Enjoy The Silence – Tulia

Polish group Tulia released their cover of Depeche Mode’s Enjoy The Silence in 2017. The group use a traditional form of open voice or ‘white voice’ folk singing that has been practiced for centuries in Central and Eastern Europe. The style is thought to have originated from singing in the open air whilst working in the fields. Characteristics of the style – such as a long unison (the same notes sung one or more octaves apart) by loud, strong voices – were believed to have magical powers in traditional cultures.

Enjoy The Silence was released by Depeche Mode as the second single from their seventh studio album Violator in 1990. In 2004 the band released a re-interpreted version of the song – Enjoy The Silence 04 – as part of their Remixes 84-01 project.


Poker Face – The Heimatdamisch

Combining Bavarian brass and Slovenian folk music, The Heimatdamisch’s cover of Lady Gaga’s Poker Face appeared on their 2015 album Highway To Oberkrain.

Poker Face was Lady Gaga’s second single and appeared on her debut album Fame in 2008. The lyrics are a reference to the narrator’s bisexuality, undisclosed to their current lover. With sales of over 14 million copies and multiple platinum awards, it is one of the best selling singles of all time.

Life on Mars – John Keating

John Keating’s instrumental cover of David Bowie’s Life on Mars first appeared on the album Space Experience 2 in 1975.

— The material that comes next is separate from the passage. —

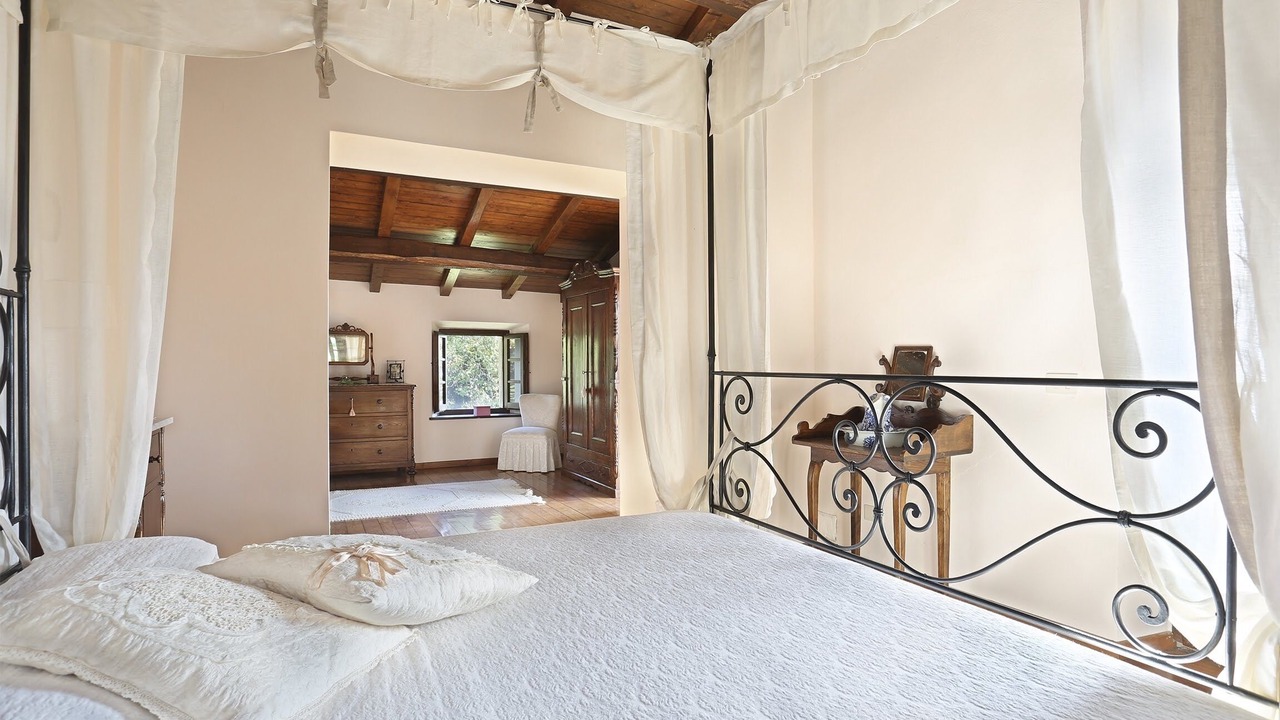 Photo of Bedroom in Castiglione di Garfagnana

Described by the National Jazz Archive as ‘Scotland’s greatest ever musical arranger’, Keating (1927-2015) also worked as a trombonist, band leader, composer and conducter as well as being the founder and principal of his own school of music in Edinburgh. In the 1960’s he composed the theme to Z-Cars, a long-running BBC television police drama, and in the 1970’s he arranged and conducted several in a series of albums for London Records called the Phase 4 series, which were notable for their use of early synthesisers. Phase 4 referred to a series of phases that the recordings would go through: initially processed on a ten-channel mixing desk – cutting edge technology for the time – they were then mixed to a four-track tape, before being mastered to two channels for pressing into stereophonic vinyl records. Phase 4 records were often used as demonstration discs in hi-fi stores because of their sound quality and innovative use of stereo effects.

David Bowie’s Life on Mars? first appeared on his 1971 album Hunky Dory. The song was written as a parody of Frank Sinatra’s 1969 recording of My Way. The music of My Way was taken from a 1967 French song called Comme d’habitude (‘As Usual‘). American singer/songwriter Paul Anka had purchased the rights to Comme d’habitude and rewritten the lyrics. Bowie had written his own lyrics to the music of Comme d’habitude called Even a Fool Learns to Love (never released) but as he could no longer use the melody he instead wrote Life on Mars? as a riposte to Sinatra’s version of My Way.

At the time Bowie described Life on Mars? as “A sensitive young girl’s reaction to the media.” In 1997, he added: “I think she finds herself disappointed with reality… that although she’s living in the doldrums of reality, she’s being told that there’s a far greater life somewhere, and she’s bitterly disappointed that she doesn’t have access to it.”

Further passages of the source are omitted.